The recent advent of 3D Gaussian Splatting (3DGS) has revolutionized the 3D scene reconstruction space enabling high-fidelity novel view synthesis in real-time. However, with the exception of RawNeRF, all prior 3DGS and NeRF-based methods rely on 8-bit tone-mapped Low Dynamic Range (LDR) images for scene reconstruction. Such methods struggle to achieve accurate reconstructions in scenes that require a higher dynamic range. Examples include scenes captured in nighttime or poorly lit indoor spaces having a low signal-to-noise ratio, as well as daylight scenes with shadow regions exhibiting extreme contrast. Our proposed method HDRSplat tailors 3DGS to train directly on 14-bit linear raw images in near darkness which preserves the scenes' full dynamic range and content. Our key contributions are two-fold: Firstly, we propose a linear HDR space-suited loss that effectively extracts scene information from noisy dark regions and nearly saturated bright regions simultaneously, while also handling view-dependent colors without increasing the degree of spherical harmonics. Secondly, through careful rasterization tuning, we implicitly overcome the heavy reliance and sensitivity of 3DGS on point cloud initialization. This is critical for accurate reconstruction in regions of low texture, high depth of field, and low illumination. HDRSplat is the fastest method to date that does 14-bit (HDR) 3D scene reconstruction in ≤15 minutes/scene (∼30x faster than prior state-of-the-art RawNeRF). It also boasts the fastest inference speed at ≥120fps. We further demonstrate the applicability of our HDR scene reconstruction by showcasing various applications like synthetic defocus, dense depth map extraction, and post-capture control of exposure, tone-mapping and view-point.

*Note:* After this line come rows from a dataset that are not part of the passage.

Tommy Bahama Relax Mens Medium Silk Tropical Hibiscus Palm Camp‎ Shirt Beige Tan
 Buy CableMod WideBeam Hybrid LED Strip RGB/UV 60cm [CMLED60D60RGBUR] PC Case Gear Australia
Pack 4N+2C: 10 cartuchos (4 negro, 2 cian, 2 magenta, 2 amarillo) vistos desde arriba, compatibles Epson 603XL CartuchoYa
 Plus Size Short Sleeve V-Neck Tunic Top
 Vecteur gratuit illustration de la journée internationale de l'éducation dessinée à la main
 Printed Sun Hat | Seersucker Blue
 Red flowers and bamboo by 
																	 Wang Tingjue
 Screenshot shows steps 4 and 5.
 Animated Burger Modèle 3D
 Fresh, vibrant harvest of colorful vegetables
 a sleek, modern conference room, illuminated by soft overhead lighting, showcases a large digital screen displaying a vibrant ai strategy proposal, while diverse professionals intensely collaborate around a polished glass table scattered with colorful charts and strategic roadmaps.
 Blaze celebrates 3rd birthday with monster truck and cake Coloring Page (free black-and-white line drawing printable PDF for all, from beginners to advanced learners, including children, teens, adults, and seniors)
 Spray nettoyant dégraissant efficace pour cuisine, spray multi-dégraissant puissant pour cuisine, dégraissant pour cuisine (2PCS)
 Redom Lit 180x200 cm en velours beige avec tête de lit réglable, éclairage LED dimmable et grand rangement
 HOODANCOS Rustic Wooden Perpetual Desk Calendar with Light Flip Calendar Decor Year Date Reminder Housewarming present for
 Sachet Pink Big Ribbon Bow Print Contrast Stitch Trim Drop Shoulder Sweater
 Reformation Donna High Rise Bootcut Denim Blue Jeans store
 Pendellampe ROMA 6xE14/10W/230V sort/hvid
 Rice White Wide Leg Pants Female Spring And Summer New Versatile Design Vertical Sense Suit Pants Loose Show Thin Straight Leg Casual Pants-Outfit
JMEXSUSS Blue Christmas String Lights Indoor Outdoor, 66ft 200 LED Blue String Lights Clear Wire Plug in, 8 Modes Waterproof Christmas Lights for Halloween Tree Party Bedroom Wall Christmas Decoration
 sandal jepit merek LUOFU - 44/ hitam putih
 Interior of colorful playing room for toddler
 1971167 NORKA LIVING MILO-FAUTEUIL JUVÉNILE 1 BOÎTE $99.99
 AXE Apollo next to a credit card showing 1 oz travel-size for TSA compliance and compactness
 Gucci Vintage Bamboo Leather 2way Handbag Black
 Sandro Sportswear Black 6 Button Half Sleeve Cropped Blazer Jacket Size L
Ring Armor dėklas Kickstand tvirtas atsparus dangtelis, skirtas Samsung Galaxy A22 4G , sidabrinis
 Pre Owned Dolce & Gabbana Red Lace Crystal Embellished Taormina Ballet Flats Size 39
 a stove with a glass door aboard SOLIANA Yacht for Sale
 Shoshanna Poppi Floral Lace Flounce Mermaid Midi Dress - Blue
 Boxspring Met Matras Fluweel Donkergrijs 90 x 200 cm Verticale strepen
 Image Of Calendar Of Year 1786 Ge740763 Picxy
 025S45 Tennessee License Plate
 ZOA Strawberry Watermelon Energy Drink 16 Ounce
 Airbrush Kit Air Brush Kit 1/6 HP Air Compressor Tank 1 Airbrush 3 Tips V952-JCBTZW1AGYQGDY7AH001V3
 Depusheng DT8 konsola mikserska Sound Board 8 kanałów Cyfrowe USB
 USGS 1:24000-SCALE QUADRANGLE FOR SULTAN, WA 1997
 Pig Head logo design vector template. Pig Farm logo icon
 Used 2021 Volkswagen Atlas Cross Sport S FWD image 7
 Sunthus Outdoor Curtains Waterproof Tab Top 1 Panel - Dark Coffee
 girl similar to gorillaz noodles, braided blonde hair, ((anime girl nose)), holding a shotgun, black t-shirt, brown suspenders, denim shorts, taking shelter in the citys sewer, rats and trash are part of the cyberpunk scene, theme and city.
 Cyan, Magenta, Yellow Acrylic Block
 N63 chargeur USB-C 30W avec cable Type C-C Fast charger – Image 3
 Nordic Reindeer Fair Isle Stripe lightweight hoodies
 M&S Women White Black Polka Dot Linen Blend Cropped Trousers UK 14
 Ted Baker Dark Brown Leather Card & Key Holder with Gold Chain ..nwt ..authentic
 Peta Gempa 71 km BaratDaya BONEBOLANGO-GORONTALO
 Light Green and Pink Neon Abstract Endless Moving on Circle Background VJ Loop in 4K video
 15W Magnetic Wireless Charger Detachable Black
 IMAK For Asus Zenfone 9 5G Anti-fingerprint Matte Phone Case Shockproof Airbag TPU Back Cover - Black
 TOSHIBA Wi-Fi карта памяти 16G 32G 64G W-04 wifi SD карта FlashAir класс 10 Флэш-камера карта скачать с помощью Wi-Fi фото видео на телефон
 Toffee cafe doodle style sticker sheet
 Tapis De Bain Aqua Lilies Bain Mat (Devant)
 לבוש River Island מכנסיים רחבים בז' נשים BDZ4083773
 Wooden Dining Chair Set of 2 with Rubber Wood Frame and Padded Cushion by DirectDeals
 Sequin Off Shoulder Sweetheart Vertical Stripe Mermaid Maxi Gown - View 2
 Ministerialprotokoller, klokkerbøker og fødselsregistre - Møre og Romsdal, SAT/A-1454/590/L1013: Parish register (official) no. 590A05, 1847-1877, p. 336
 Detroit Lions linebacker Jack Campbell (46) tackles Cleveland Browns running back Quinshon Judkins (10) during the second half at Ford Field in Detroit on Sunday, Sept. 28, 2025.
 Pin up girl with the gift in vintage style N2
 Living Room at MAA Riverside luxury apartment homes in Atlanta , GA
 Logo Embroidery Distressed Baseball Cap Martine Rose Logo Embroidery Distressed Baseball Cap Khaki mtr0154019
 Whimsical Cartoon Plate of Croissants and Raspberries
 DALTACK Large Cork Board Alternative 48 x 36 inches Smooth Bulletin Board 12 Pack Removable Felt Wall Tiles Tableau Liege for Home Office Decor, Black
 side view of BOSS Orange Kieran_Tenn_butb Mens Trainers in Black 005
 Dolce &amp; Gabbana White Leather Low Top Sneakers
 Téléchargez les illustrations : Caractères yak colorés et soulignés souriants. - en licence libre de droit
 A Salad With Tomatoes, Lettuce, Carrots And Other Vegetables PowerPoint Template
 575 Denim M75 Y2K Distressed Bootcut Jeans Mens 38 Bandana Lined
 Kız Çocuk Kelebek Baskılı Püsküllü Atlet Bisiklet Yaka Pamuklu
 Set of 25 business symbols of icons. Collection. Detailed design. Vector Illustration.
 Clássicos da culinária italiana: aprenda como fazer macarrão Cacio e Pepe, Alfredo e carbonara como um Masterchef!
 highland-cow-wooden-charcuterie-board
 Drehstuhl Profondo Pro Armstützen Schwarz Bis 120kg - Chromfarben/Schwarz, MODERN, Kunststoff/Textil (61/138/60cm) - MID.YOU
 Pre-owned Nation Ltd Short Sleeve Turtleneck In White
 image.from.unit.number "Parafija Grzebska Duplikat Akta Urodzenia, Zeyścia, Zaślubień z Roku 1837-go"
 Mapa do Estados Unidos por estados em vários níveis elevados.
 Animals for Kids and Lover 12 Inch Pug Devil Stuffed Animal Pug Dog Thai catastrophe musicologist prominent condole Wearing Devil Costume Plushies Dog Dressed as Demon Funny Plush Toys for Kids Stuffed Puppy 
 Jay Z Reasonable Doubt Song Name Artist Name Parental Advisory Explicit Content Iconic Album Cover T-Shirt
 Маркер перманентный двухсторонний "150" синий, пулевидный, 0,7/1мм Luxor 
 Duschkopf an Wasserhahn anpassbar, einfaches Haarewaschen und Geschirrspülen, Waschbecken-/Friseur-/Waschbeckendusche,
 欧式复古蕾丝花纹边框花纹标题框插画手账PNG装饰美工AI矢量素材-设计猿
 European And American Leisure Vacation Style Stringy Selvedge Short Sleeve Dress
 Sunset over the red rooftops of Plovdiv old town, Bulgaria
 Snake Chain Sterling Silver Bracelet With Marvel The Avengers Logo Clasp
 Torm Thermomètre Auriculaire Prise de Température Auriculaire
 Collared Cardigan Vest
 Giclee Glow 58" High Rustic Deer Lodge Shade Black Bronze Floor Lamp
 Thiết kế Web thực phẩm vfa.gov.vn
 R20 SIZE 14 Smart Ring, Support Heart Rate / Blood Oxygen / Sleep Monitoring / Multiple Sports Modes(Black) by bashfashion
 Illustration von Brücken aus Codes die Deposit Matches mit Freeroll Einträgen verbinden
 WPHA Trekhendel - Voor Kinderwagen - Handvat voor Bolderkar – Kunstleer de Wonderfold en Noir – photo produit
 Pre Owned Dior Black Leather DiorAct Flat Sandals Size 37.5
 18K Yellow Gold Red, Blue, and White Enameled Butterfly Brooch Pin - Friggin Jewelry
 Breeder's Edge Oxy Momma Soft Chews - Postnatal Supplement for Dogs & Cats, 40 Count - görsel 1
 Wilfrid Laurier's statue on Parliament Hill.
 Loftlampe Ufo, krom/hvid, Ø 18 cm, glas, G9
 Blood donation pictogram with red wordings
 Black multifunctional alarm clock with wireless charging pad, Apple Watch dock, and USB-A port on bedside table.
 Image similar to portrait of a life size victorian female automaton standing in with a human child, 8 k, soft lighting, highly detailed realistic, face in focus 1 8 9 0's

最近出现的 3D 高斯溅射(3DGS)技术彻底改变了 3D 场景重建领域,实现了实时高保真新视角合成。然而,除了 RawNeRF 之外,所有先前的基于 3DGS 和 NeRF 的方法都依赖于 8 位色调映射的低动态范围(LDR)图像进行场景重建。这些方法在需要更高动态范围的场景中难以实现准确重建。例如,在夜间或光线不足的室内空间拍摄的场景具有低信噪比,以及具有极端对比度阴影区域的日光场景。 我们提出的 HDRSplat 方法将 3DGS 定制为直接在接近黑暗的 14 位线性原始图像上进行训练,从而保留场景的全动态范围和内容。我们的主要贡献有两个方面: 首先,我们提出了一种适用于线性 HDR 空间的损失函数,可以同时有效地从噪声较大的暗区和几乎饱和的亮区提取场景信息,同时在不增加球谐函数阶数的情况下处理视角依赖的颜色。 其次,通过精心调整光栅化,我们隐式地克服了 3DGS 对点云初始化的严重依赖和敏感性。这对于在低纹理、高景深和低照度区域进行准确重建至关重要。 HDRSplat 是迄今为止最快的 14 位(HDR)3D 场景重建方法,每个场景仅需 ≤15 分钟(比之前最先进的 RawNeRF 快约 30 倍)。它还拥有最快的推理速度,达到 ≥120fps。我们进一步展示了我们的 HDR 场景重建的应用性,展示了各种应用,如合成散焦、密集深度图提取,以及后期捕捉控制曝光、色调映射和视点。